For effective infection control in healthcare environments, the most important design criterion for products is that they should be easy to clean, often and well. Polymer materials enable designers to achieve the seamless, curvaceous forms that facilitate this. When taking into account the details of bacterial microbiology, polymer materials and process selection must be made with great care.
For and against antimicrobials
• The surest way to control cross-infection in hospitals is through regular and effective cleaning. Labelling surfaces in the environment as antimicrobial will add confusion to the cleaning process, with the risk of falling standards.
• Unlike the hard material touch points close to patients, textile products such as curtains and bed linen cannot be cleaned several times a day.
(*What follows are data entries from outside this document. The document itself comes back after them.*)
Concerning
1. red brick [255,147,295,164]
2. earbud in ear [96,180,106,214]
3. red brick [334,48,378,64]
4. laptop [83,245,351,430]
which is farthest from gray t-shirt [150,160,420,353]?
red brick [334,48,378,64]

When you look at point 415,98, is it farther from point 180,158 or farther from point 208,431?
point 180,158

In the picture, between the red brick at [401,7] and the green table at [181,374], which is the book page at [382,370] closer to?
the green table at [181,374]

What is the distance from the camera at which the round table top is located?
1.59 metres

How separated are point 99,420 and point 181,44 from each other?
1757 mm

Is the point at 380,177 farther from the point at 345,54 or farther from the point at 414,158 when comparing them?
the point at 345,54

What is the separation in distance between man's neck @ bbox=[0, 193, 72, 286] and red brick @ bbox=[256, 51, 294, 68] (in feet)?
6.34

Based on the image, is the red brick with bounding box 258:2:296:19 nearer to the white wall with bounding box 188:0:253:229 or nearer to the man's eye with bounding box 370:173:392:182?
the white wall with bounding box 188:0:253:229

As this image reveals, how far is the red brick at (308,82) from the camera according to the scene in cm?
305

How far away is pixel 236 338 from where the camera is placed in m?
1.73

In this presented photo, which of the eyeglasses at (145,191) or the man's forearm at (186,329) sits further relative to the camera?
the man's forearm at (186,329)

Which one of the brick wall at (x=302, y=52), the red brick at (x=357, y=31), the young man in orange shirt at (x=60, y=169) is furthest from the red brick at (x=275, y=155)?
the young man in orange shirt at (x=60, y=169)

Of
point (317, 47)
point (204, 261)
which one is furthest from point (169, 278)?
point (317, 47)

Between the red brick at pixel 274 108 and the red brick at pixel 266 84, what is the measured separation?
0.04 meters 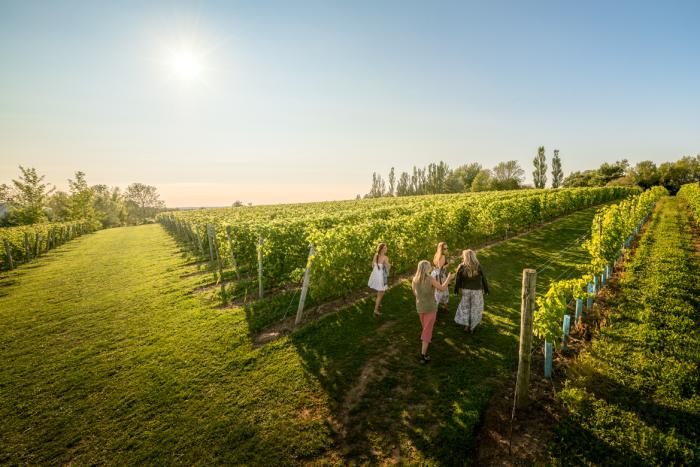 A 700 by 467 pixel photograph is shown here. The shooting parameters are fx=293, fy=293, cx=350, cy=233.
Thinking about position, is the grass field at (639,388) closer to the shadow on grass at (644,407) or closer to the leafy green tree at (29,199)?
the shadow on grass at (644,407)

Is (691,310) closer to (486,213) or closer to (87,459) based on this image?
(486,213)

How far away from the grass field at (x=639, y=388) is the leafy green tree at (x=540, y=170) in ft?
286

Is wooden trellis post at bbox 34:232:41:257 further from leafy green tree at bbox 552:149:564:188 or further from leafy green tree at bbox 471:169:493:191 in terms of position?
leafy green tree at bbox 552:149:564:188

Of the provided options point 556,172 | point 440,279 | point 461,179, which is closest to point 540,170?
point 556,172

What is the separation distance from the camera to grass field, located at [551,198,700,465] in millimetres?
3604

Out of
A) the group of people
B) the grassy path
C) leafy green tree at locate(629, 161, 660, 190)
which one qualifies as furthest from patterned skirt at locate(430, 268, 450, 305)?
leafy green tree at locate(629, 161, 660, 190)

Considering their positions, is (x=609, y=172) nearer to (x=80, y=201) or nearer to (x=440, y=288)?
(x=440, y=288)

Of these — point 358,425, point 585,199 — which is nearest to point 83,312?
point 358,425

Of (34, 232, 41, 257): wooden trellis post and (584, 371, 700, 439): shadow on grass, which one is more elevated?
(34, 232, 41, 257): wooden trellis post

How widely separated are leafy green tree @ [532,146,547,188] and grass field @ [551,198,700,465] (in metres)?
87.2

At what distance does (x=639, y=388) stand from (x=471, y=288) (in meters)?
2.92

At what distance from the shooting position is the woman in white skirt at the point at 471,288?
21.1ft

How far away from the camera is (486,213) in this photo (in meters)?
15.9

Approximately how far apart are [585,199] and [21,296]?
4305cm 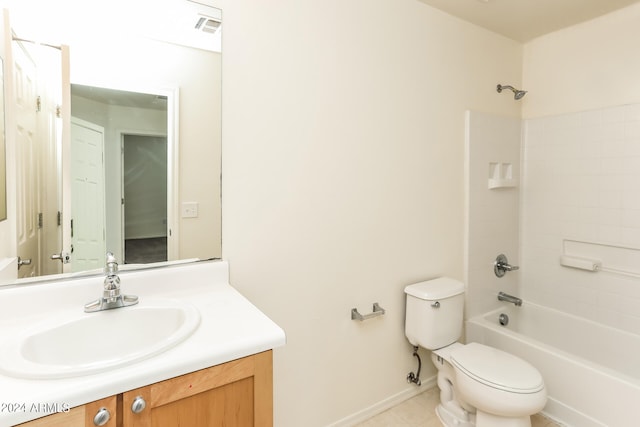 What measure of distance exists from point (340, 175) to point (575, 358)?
1.63 m

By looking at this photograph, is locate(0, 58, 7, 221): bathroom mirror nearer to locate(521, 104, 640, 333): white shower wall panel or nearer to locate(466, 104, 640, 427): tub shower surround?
locate(466, 104, 640, 427): tub shower surround

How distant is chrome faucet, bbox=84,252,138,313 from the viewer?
1.13 meters

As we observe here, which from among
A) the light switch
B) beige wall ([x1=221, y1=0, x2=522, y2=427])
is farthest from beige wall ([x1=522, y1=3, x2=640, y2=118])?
the light switch

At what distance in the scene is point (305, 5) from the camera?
5.28 feet

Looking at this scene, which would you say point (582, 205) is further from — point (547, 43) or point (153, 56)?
point (153, 56)

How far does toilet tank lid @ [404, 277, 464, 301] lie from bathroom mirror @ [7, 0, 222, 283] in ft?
3.73

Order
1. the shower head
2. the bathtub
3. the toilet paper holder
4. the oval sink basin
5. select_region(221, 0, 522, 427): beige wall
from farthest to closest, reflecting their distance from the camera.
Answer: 1. the shower head
2. the toilet paper holder
3. the bathtub
4. select_region(221, 0, 522, 427): beige wall
5. the oval sink basin

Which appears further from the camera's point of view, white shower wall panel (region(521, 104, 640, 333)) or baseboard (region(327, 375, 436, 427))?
white shower wall panel (region(521, 104, 640, 333))

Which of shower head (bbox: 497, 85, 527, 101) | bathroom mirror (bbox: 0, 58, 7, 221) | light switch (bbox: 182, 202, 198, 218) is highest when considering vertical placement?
shower head (bbox: 497, 85, 527, 101)

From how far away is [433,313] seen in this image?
74.6 inches

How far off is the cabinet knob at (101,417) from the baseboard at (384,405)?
134cm

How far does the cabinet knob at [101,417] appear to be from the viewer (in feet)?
2.47

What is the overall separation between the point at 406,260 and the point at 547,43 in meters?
1.98

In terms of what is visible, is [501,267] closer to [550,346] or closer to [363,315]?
[550,346] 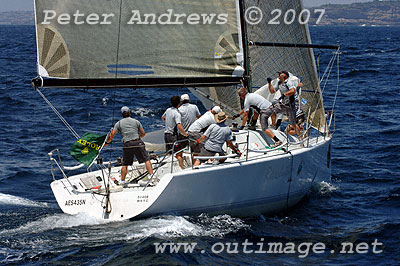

Treating these textiles with antimicrobials reduces the risk of infection.
• Bacteria are developing resistance faster than we can create new antimicrobials. Increasing the exposure of these organisms to antimicrobials through pervasive application in the environment will speed up the development of resistant strains.
• It is impossible to clean touch points often enough to prevent cross-infection. Treating those points with antimicrobials has a real chance of controlling infection.
• Bacteria do not necessarily settle directly on a surface in order to be killed by additives. They are more likely to inhabit sticky grime and may be remote from any surface antimicrobials’ effectiveness.
• It may be possible for the additive agent in a surface to attack organisms embedded in grime using a cascade process.
• Antimicrobial additives in polymers have a finite functional life, with a fall off in effectiveness during that period of service. The useful life of a product may be considerably longer than that of the antimicrobial agents in its parts.